YOUR TASK: Restate all the lines below word for word, but omit the pictures.

DATA BLOCK:
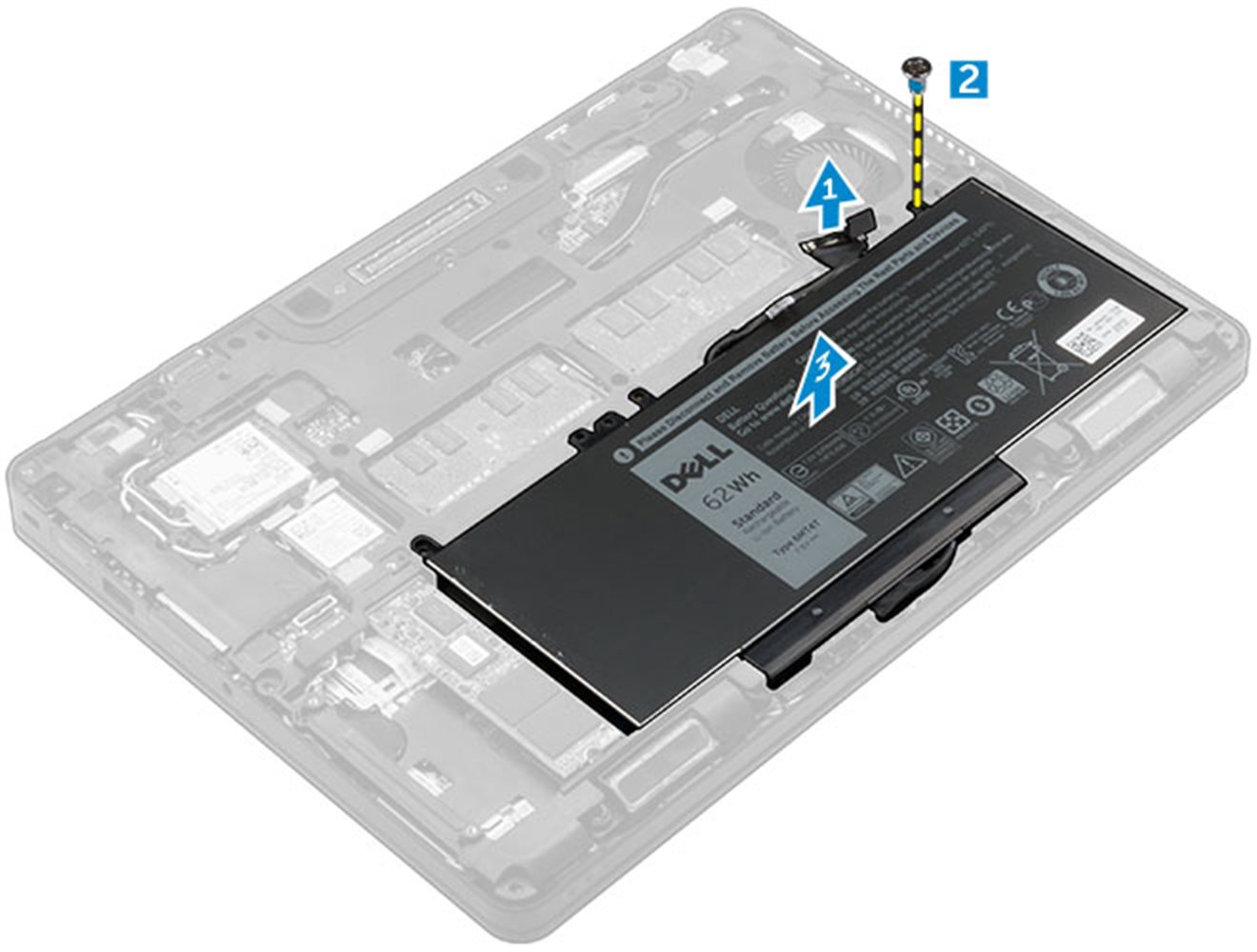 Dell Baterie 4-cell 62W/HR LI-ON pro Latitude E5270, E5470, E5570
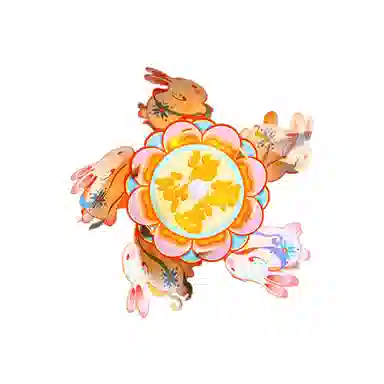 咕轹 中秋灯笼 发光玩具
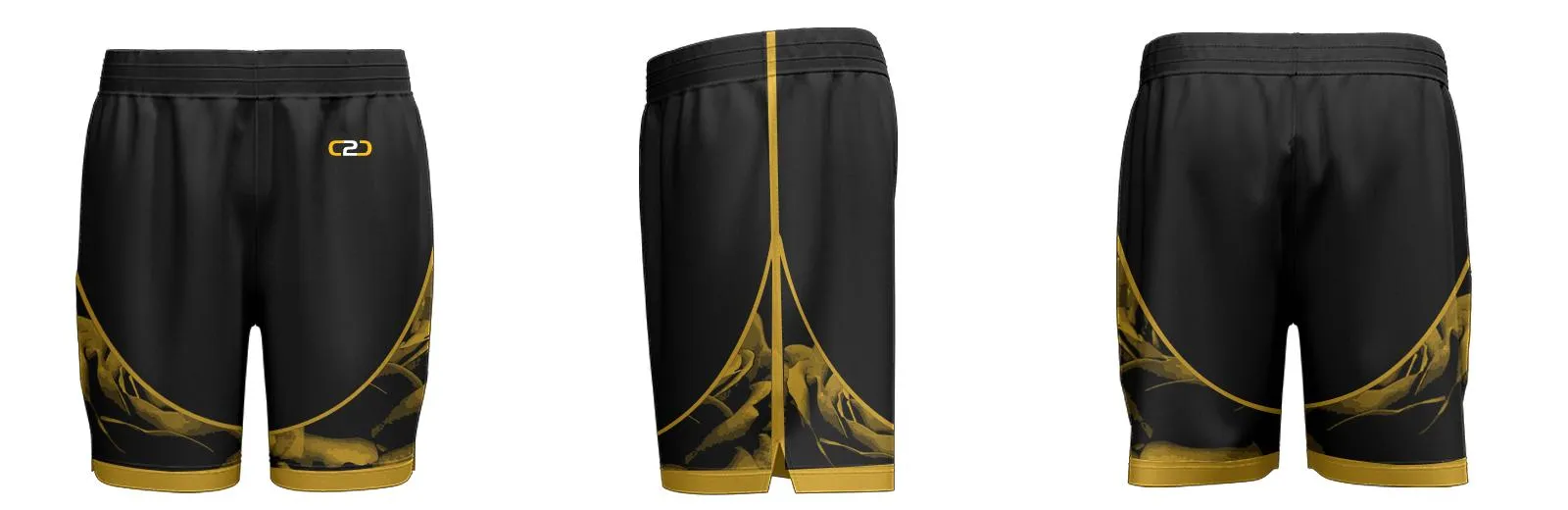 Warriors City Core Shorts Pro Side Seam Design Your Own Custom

YOUR SOLUTION:
 Dell Baterie 4-cell 62W/HR LI-ON pro Latitude E5270, E5470, E5570
 咕轹 中秋灯笼 发光玩具
 Warriors City Core Shorts Pro Side Seam Design Your Own Custom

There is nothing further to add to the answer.